[RFC] Zstandard as a second compression method to LLVM

Hello all,

The LLVM project currently has support for zlib as a compression algorithm. Usage of it varies from compression of ELF debug sections, to serialization of performance stats and AST data structures.

We would like to add Zstandard (A.K.A. Zstd) as an alternative to zlib, which tends to achieve higher compression rates while being faster across the board. Using those for internal tooling could lead to speed improvements in places where we compress AST’s etc, without sacrificing the compressed size of them.

In terms of implementation, here are some initial ideas:

  • Relocating the llvm::zlib namespace as declared in lib/Support/Compression.cpp, to a namespace like llvm::compression::zlib.

  • Add a llvm::compression::zstd namespace.

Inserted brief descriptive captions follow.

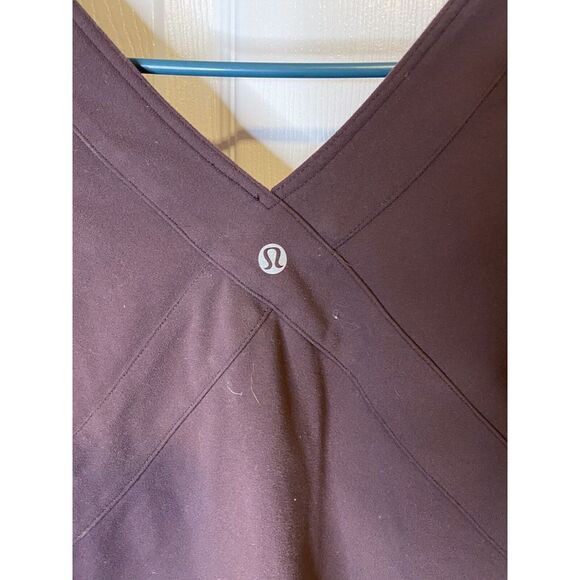 Lululemon Maroon tank top with built in sports Bra Size 2 Chest 30" Length 21" - Picture 3 of 4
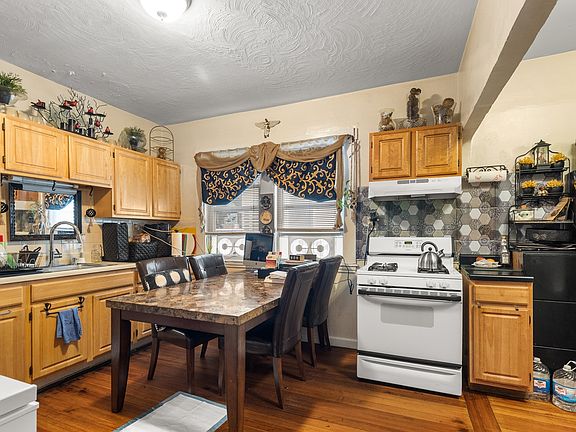 3rd image of 39-41 Millet St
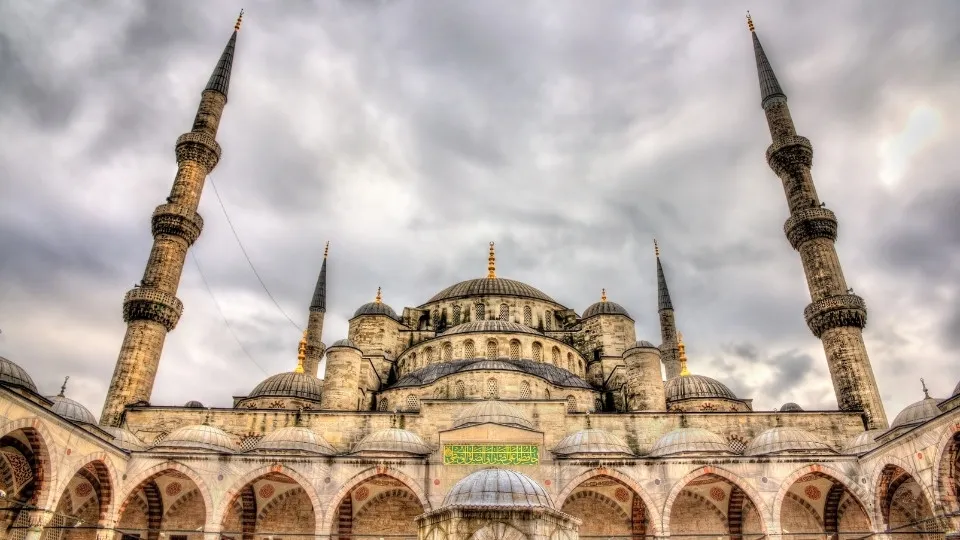 Skip-the-Line Basilica Cistern Tour, Bosphorus Cruise & Istanbul Highlights - Image 1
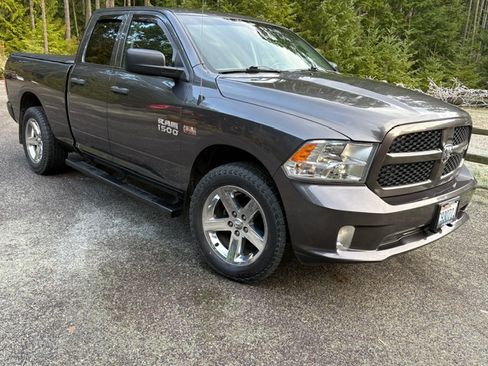 Used 2017 RAM 1500 Express image 1
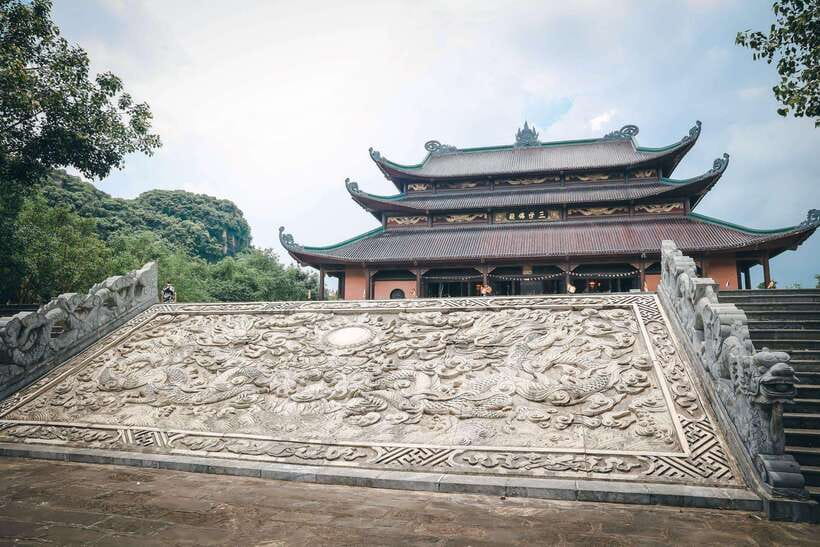 From Hanoi: Bai Dinh, Trang An Mua Cave - A Scenic Day Tour - Trang An boat ride: caves, karst, and slow moving time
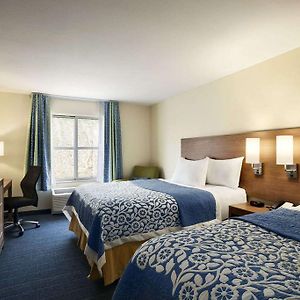 Queen Room Mobility accessible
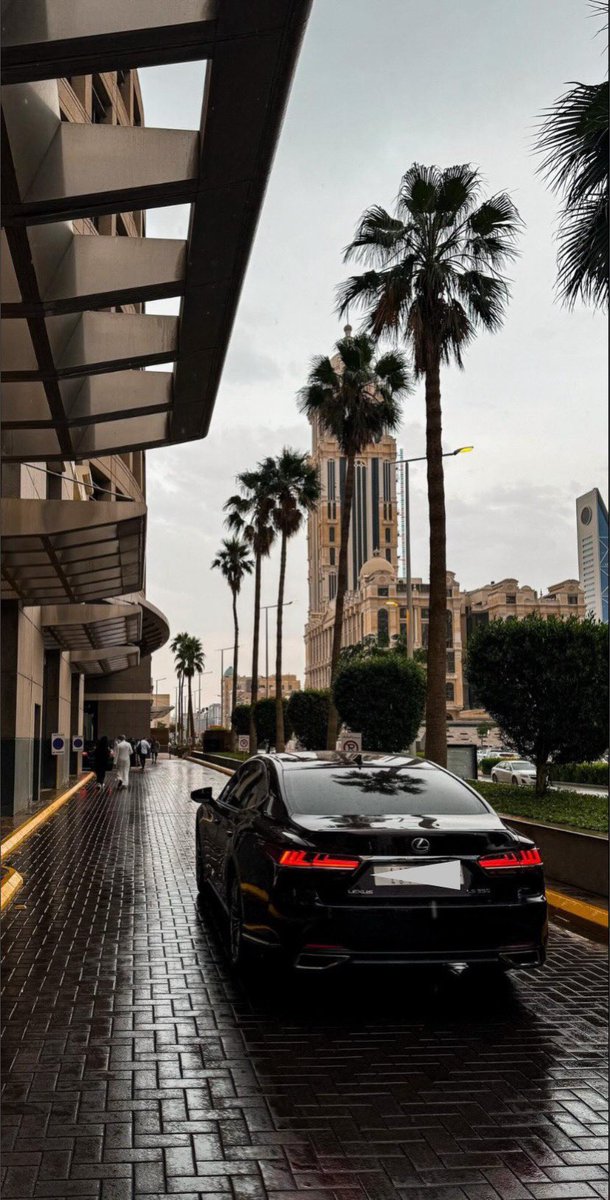 m_faid11's tweet photo. ياكثر ما يفرق حضورك عن الغير
 مثل المطر مهما هطل ، ما اكتفينا⚡️. https://t.co/LTTXn2NwsH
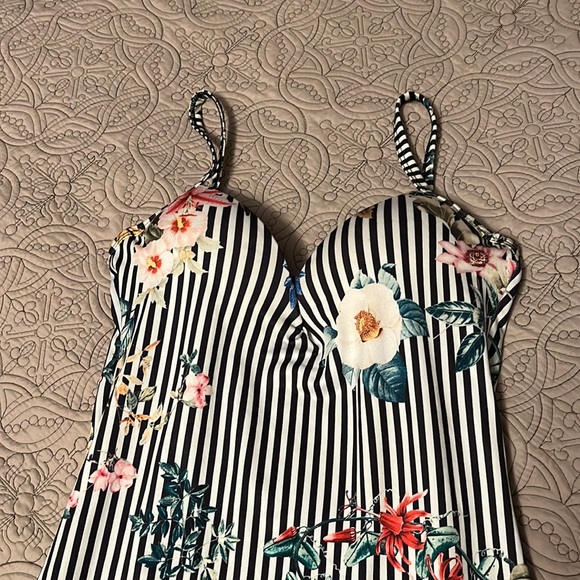 Nina M Pattern Dress (with padding) - Picture 3 of 6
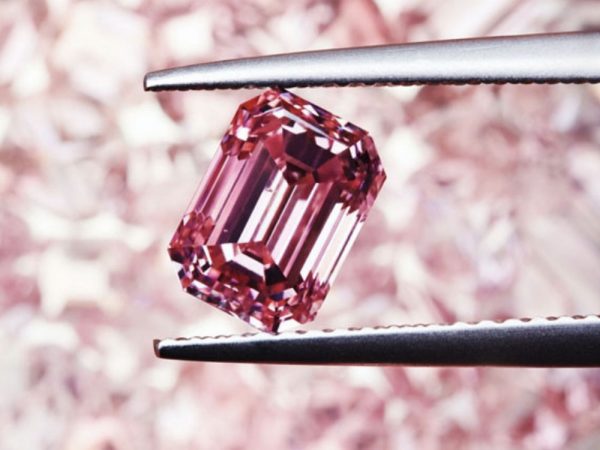 Why Invest in Pink Diamonds?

  • define a namespace alias llvm::compression::tooling, that either aliases to the Zstd or zlib namespaces, based on llvm cmake flags.

This allows us to easily spot code that needs to be updated, and simple to keep tools consistently using the same compression internally by using llvm::compression::tooling instead of llvm::compression::zlib or llvm::compression::zstd when possible.

I have been able to create a working POC with this implementation pattern, and it seems to work, but would not be surprised if there are more appealing approaches.

Some important questions:

  • Are there other implementation details/external projects that we would also need to account for?

– Cole Kissane


I know @resistor looked into zstd measurements for DWARF compression, so tagging him here in case he’s got ideas.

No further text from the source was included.